Laufey is a supervillain appearing in American comic books published by Marvel Comics. The character is depicted usually as an enemy of the Asgardian king Odin, father of Thor. He is the King of the Frost Giants, the biological father of Thor's adopted brother and archenemy, Loki. Created by writer Stan Lee and artist Jack Kirby, he first appeared in Journey into Mystery #112 (Jan. 1965), and was based on the goddess of the same name who in Norse mythology was actually the mother of Loki.

Colm Feore portrayed the character in the Marvel Cinematic Universe film Thor (2011).

Publication history
Laufey was created by Stan Lee and Jack Kirby and first appeared in Journey into Mystery #112 (Jan. 1965).

Fictional character biography
In the early days of the universe, Laufey ruled Jotunheim, realm of the Frost Giants. When his son Loki was born a runt, an ashamed Laufey ordered the baby hidden.

Odin, the King of Asgard, marched his forces into Jotunheim. Welding the mystical hammer Mjolnir, Odin faced down Laufey and destroyed his war club, prompting the Frost Giant to brandish a sword. Laufey tried to use his knowledge of land, such as trying to stop Odin with a concealed fire pit. A sprawling battle between the two forces ensued. The battle ended when Odin used Mjolnir to crush Laufey's skull. Odin discovered Loki in the wreckage of the castle and decided to raise him as his own. 

It was later retconned that Loki had been a child, rather than a baby, when Laufey was killed. The day before the battle, Loki had attempted to inform his father of an opportunity to stealthily kill Odin. Laufey struck Loki for calling him a coward. The next day, after the fateful battle and Odin's claiming of Loki as a son, Laufey was left wounded, but alive. A version of Loki from the future, who had traveled back in time to alter events, proceeded to decapitate him, stating that Laufey would never strike him again. He also made Odin adopt him.

Laufey's skull plays an important role in the first three issues of the renewed Thor series. Laufey's revitalized men attempt to reclaim his remains from a Roxxon facility owned by Minotaur. Upon traveling to Jotunheim with Malekith the Accursed, Minotaur used the blood of the Light Elves that were killed as part of a spell to resurrect Laufey.

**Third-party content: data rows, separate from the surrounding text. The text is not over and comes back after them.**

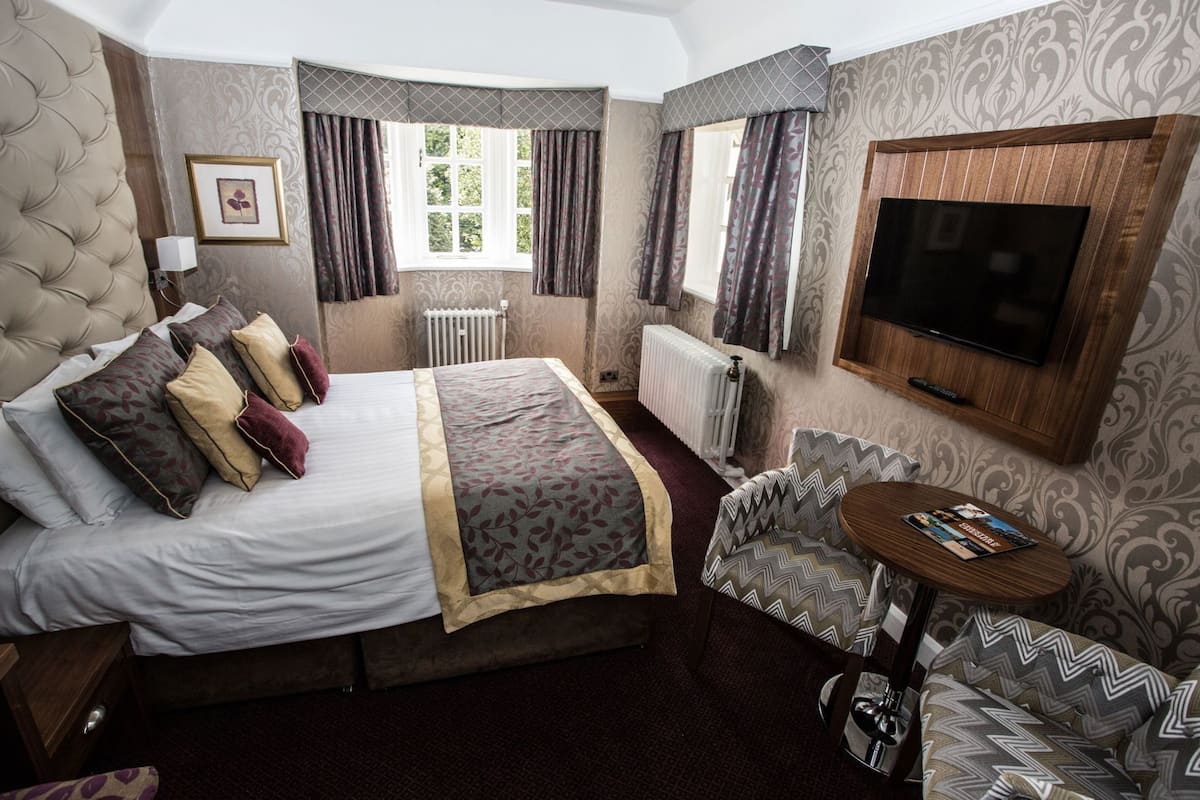 A hotel room with a large bed, a television, a sofa, and a window with curtains.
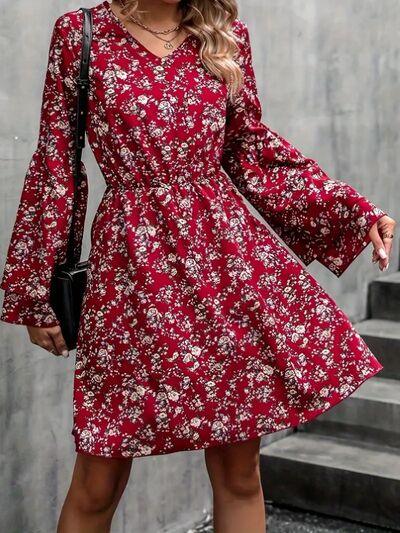 a woman wearing a red floral print dress
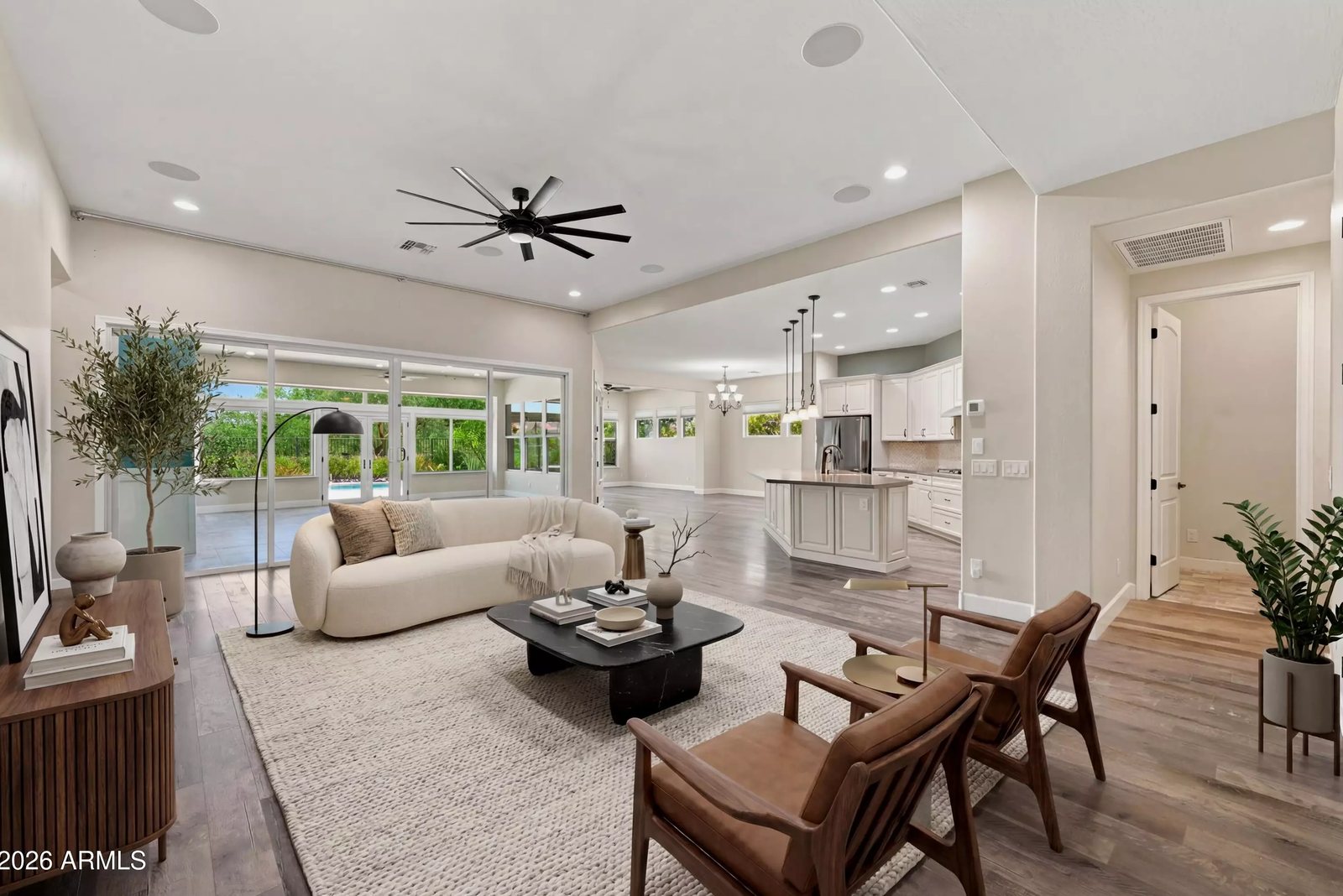 Living room with wood-look flooring in a Litchfield Park, Arizona brokerage listing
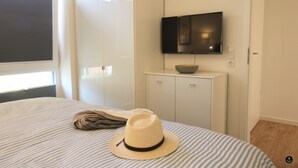 A bedroom with a bed, a television mounted on the wall, and a window with blinds. - Refugium 3 (Kellenhusen)
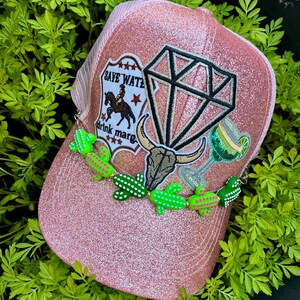 May include: A pink glitter trucker hat featuring a patch with a horse and the text "SAVE WATER drink marg", a diamond shape, a bull skull, a margarita glass, and a decorative chain of small green cactus beads across the front panel.
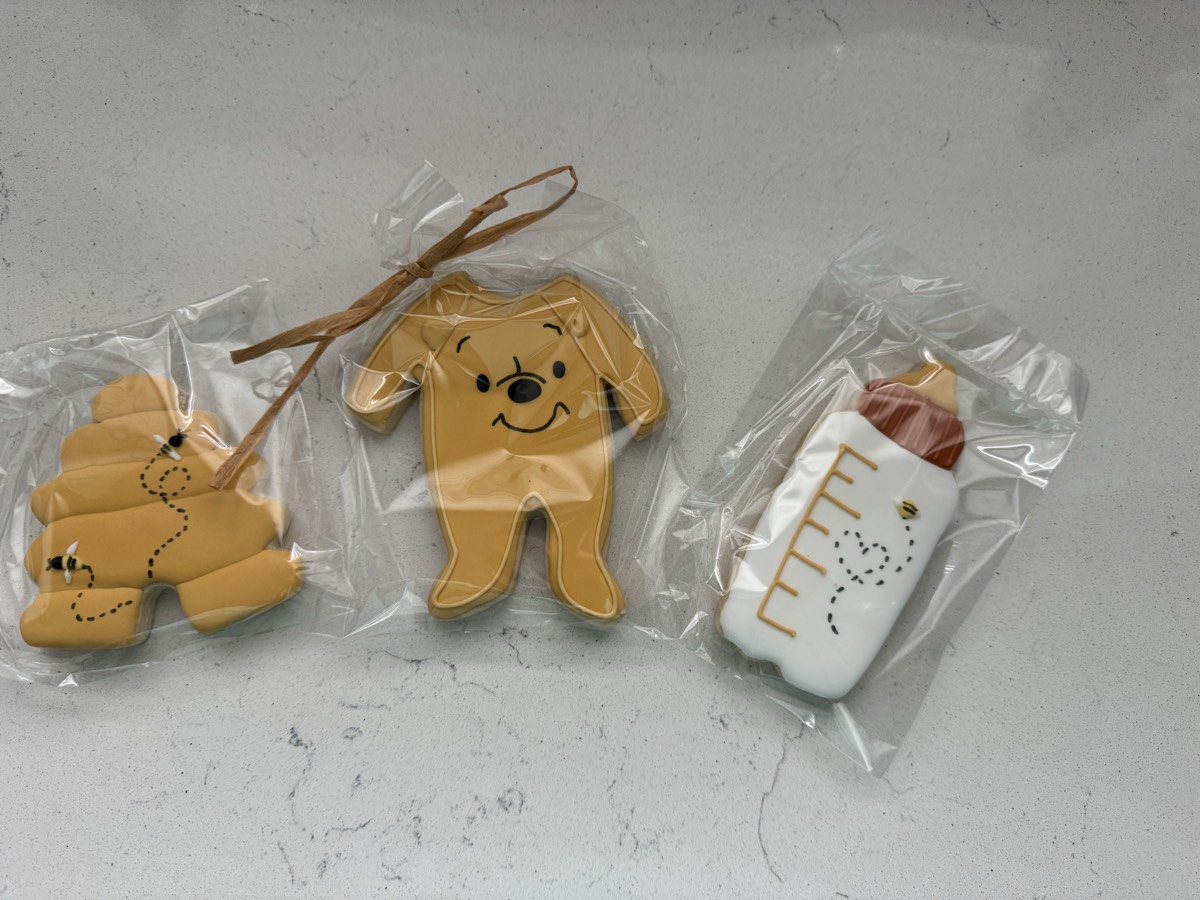 Winnie the Pooh baby shower decorated sugar cookies including a honeybee paw print, a Pooh Bear face, and a honey bottle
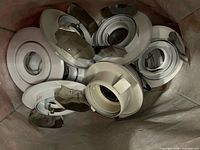 Bag containing multiple recessed light trims and baffles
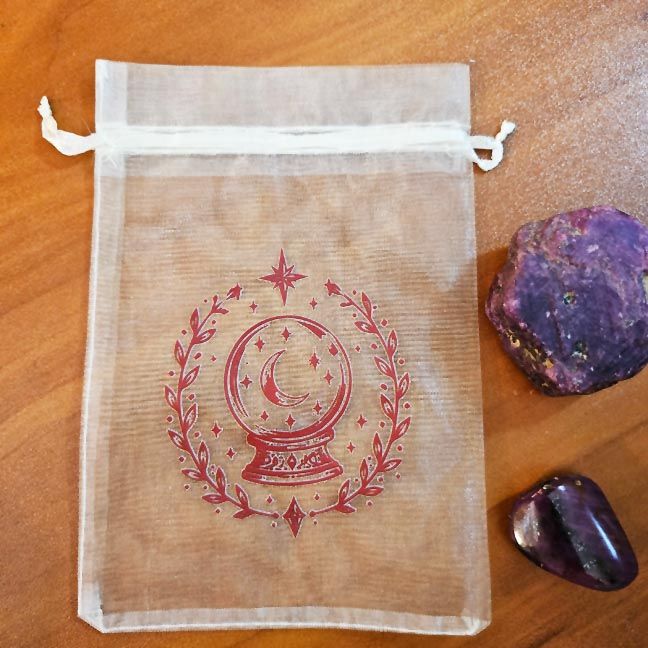 White organza bag with red crystal ball surrounded by moons, stars, and leafy branches.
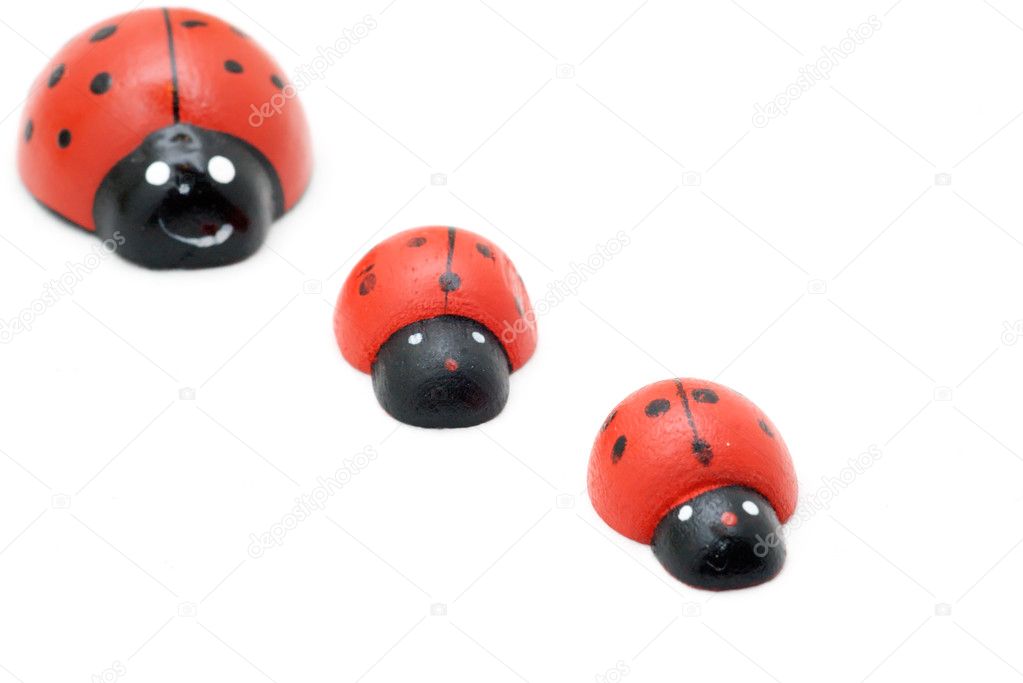 Diagonally arranged toy ladybirds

As part of the "All-New, All-Different Marvel" event, Laufey appears as a member of the Dark Council alongside Malekith the Accursed, Minotaur, Ulik, and some unnamed Fire Demons.

During the "War of the Realms" storyline, Laufey appears and is about to eat Frigga when Loki arrives and saves his adopted mother. Laufey berates Loki on his recent treachery in the past. He then picks him up and seemingly eats him. Odin later gets enraged when he finds out that Laufey ate Loki. Laufey is later seen at the ruins of the Statue of Liberty swatting fighter jets. Laufey is later attacked by the Fantastic Four and an army of Dwarves that are wearing copies of the War Machine armor. Iron Man, Punisher, She-Hulk, Spider-Man, and Wolverine are fighting Laufey's Frost Giants. As Captain Marvel, Black Panther, Sif, and Thing confront Laufey, he pulls out the Casket of Ancient Winters which he eats as it augments his powers. While protected by Hofund's magic, Daredevil fights with Laufey until Laufey eats Hofund when it is thrown at him. Noticing that the Earth-1610 Mjolnir is going to self-destruct, Jane Foster throws it into Laufey as a half-digested Loki cuts himself and the Casket of Ancient Winters using Hofund where his magic is holding his body together.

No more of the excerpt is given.